19.8.07

Bons propósitos

Entrei em obras e saí delas. Caliça, cheiro a tintas, promessas de prazos, móveis fora do lugar, livros carregados daqui para ali.
Finalmente acabaram, e com o fim das obras veio agora o reconstruir do meu mundo em gavetas, a tentativa de ordenar o caos, de dar sentido à desarrumação em que se tornou a vida.
Por causa da racionalidade do gesto, esfalfo-me na irracionalidade do esforço, arcando com sacos de livros, do escritório para casa, desta para aquele, como se o uno pudesse ser dual, o divisor de dois pudesse ser tantos quantos os que há.
Animal de carga, eis-me hoje, cheio de bons propósitos e melhores intenções, ao serviço do meu ser leitor.

17.8.07

Antigamente

Antigamente, quando foi tempo em que eu não dizia antigamente, a chegada do vento marcava a despedida do Verão. Os banheiros recolhiam os toldos de praia, as mães recolhiam as crianças renitentes, regressadas a casa de má vontade, os lábios roxos de frio, a hora tardia. Era o tempo da nostalgia dos amores de ocasião, o regresso preguiçoso aos livros, as noites mal dormidas acossadas pelo despontar do corpo, os adultos a conversarem na varanda, embrulhados em cobertores, a lua como testemunha.
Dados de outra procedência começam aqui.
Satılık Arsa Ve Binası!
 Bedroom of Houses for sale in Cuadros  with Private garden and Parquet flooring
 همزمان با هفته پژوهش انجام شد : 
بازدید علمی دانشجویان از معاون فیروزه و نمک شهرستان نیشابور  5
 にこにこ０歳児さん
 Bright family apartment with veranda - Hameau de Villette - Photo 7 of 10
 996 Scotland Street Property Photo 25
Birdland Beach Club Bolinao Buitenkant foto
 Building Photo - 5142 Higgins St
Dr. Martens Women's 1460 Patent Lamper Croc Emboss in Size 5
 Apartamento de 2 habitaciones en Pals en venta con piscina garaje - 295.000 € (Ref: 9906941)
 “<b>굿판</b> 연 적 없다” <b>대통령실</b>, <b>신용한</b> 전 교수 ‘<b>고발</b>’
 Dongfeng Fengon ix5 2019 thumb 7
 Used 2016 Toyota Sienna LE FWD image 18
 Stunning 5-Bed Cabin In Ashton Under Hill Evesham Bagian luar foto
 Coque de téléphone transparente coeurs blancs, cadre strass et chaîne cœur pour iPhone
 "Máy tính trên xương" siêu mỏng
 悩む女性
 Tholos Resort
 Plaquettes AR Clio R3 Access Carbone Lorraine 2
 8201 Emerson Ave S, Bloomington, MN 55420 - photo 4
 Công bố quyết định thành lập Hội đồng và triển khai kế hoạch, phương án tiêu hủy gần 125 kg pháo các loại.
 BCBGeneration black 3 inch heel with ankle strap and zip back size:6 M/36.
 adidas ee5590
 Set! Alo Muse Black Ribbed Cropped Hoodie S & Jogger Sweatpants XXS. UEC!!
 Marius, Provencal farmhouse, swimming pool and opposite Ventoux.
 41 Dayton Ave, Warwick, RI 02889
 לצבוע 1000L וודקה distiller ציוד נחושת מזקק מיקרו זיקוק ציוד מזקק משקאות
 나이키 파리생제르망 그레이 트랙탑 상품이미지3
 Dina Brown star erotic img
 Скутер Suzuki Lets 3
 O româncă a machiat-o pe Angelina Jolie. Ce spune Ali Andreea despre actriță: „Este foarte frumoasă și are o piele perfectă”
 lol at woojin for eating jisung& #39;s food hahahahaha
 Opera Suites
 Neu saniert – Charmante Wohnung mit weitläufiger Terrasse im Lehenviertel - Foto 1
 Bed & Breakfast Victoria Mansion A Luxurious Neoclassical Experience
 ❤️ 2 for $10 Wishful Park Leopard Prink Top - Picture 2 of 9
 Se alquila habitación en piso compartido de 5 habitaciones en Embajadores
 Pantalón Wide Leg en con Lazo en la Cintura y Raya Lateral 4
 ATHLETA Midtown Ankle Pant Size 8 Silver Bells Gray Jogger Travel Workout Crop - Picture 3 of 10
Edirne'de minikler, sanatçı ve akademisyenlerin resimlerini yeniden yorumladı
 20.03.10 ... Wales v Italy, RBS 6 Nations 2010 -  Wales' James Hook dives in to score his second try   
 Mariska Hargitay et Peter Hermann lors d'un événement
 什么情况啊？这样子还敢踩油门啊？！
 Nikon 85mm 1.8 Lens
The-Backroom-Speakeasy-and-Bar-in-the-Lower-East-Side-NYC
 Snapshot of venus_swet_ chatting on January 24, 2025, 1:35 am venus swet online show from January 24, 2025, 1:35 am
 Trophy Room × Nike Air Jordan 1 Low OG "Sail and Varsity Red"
Hoje cheguei a Lisboa, a cidade revirada de vento, anunciando a chegada do Inverno, eu a dizer a palavra antigamente.

14.8.07

A imensidão do ausente

Há no evoluir dos seres a fase do recolhimento, em que as almas lentamente se concentram no âmago de cada ser, tal como os corpos mirram, secando com o envelhecer. Tudo nasce pequeno e se vai reduzindo à sua insignificância de semente primordial.
A vida como se soubesse isso, assim age.
Os outros começam por estranhar-nos os silêncios, quando se apercebem que não falamos, as ausências quando lhes ocorre olharem para o lado. Um dia calha perguntarem porquê, sem darem conta que não se lhes respondeu. Continuam tagarelando com a vida, renovando esse debicar em superficialidades aparentes, o mordiscar em aparências fugazes.
Nota-se isso nas esplanadas familiares, os olhos dos velhos perdidos na imensidão do outro lado do mar.

11.8.07

O tempo sobejante

Lembrando, ao citá-la, uma frase de um conto do meu livro «Contos do Desaforo», a Susana, teve a gentileza de o associar à imagem forte de um mulher que espera, as costas voltadas a tudo, a indiferença de um não olhar. Bem-haja!

7.8.07

Uma «Romanza»

Ontem foi dia de alegria. O meu editor da Presença disse-me que está contente com o livro de contos que me editou, os «Contos do Desaforo». Eu de vez em quando dou uma espreitadela, tímida, a algo do que nele escrevi, com receio de me envergonhar ao reler. O meu amigo sábio disse-me um dia que a obra que fica é aquela que eu não renegar após uns anos de edição. Oxalá os anos passem depressa.
Agora falam-me na ideia de um romance. Ontem, antes de apanhar o comboio, em Entrecampos, vi, na livraria que ali há, tantos romances que me assustei! Ainda por cima, eu inculto me confesso, não li nenhum dos que vi. Imagine-se que no meio daquelas resmas de papel está um que seja rigorosamente igual ao que eu escrever? Não é medo do plágio, é o receio da vulgaridade que me refreia! Ao meu lado, na carruagem, uma rapariga lia, concentrada, um livro sobre mítica e mística, na forma de uma gigantesca narrativa com um halo arturiano e um odor a faunos pelos bosques; enquanto isso trincava maçãs, mordiscando-as, provocadora. Com leitoras assim até um homem se arrisca a romancista! A cada página, dava ganas de a folhear só com o olhar.

3.8.07

Momentos inesperados

Há momentos inesperados na vida de um ser humano. Sabem-nos os que amanheceram com a crença inesperada numa ideia, a fé num ideal. Conhecem-nos quantos esgotaram a capacidade nocturna de se conformarem com uma mentira fria, a impossibilidade de ignorarem a lua quente de uma ilusão.
Toda esta grandeza ocorre na pequenez do ser individual, como a infinitude do cosmos num átomo de vida, o todo em tudo, o indizível no já dito.
Nesse dia em que o monje mortificado recolhe à sua cela, ou a fêmea em cio se oferece à cama, a vida floresce no seu renovar-se diferenciado, como a sequência das estações ou a maré fecunda no ventre de cada mãe.
Há momentos inesperados em que nos cruzamos com a glória do que somos e com a vergonha do que temos. Depois, fazemos por esquecer, a Natureza amiga a lançar-nos o socorro da senilidade para que descansemos, enfim, em paz.